Looking for fast vision-capable local models that handle tool calls well (open-source app, want to add local support)

Posted by yaboyskales@reddit | LocalLLaMA | View on Reddit | 18 comments

Hi r/LocalLLaMA,

I built an open-source MIT-licensed desktop app - cursor-aware AI overlay, hold a key, ask AI about whatever's around your cursor, vision LLM answers with a screenshot of the cursor region as context.

Currently it routes through cloud providers (OpenRouter, Anthropic, OpenAI, Gemini direct). Default model is Gemini 3 Flash because of its speed and vision quality. The UX needs sub-2-second time-to-first-token, otherwise the "hold a key and get an answer" flow falls apart.

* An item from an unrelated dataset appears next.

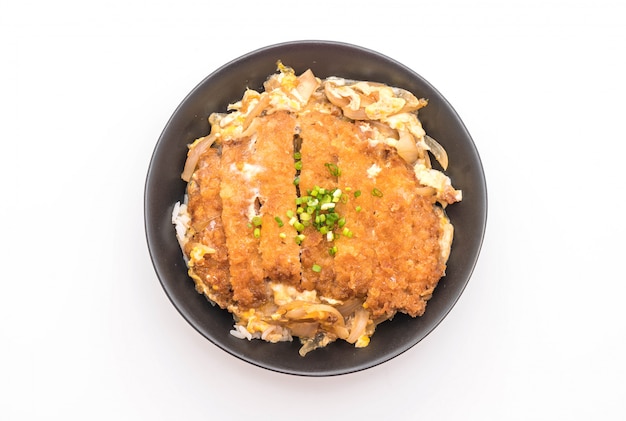 fried pork cutlet rice bowl (Katsudon)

I'd love to add local model support as a first-class option. The community here clearly knows this space better than me.

Requirements:

- Vision-capable (image input alongside text prompt)

- Fast on consumer hardware (M-series Macs, RTX 3090/4090, mid-range cards)

- Handles function calling / tool use reliably (6 tools in the app: fetch_url, open_url, copy, save, reveal_folder, read_clipboard)

- Good enough for short Q&A about screenshots (not asking for GPT-5-level reasoning, just accurate visual understanding)

What I've seen in this sub but want input on:

- Qwen2.5-VL — looks promising for vision + tools

- MiniCPM-V — speed reportedly good

- Llama 3.2 Vision — slower but maybe better tool calling

- Pixtral — vision strong, tools unclear

- Anything else I'm missing?

What I'm asking:

  1. Which of these (or other) models would you bet on for a fast cursor-aware UX?

  2. Best inference stack? llama.cpp, Ollama, LM Studio, vLLM, MLX for Mac?

  3. Any of you running vision models locally with tool calls in production? What's the actual time-to-first-token like?

If we figure out a solid combo, I'll add it as a built-in provider option in AIPointer alongside the cloud routes. Source: github.com/talentsache/aipointer

Thanks in advance. Happy to share back what works once I've tested.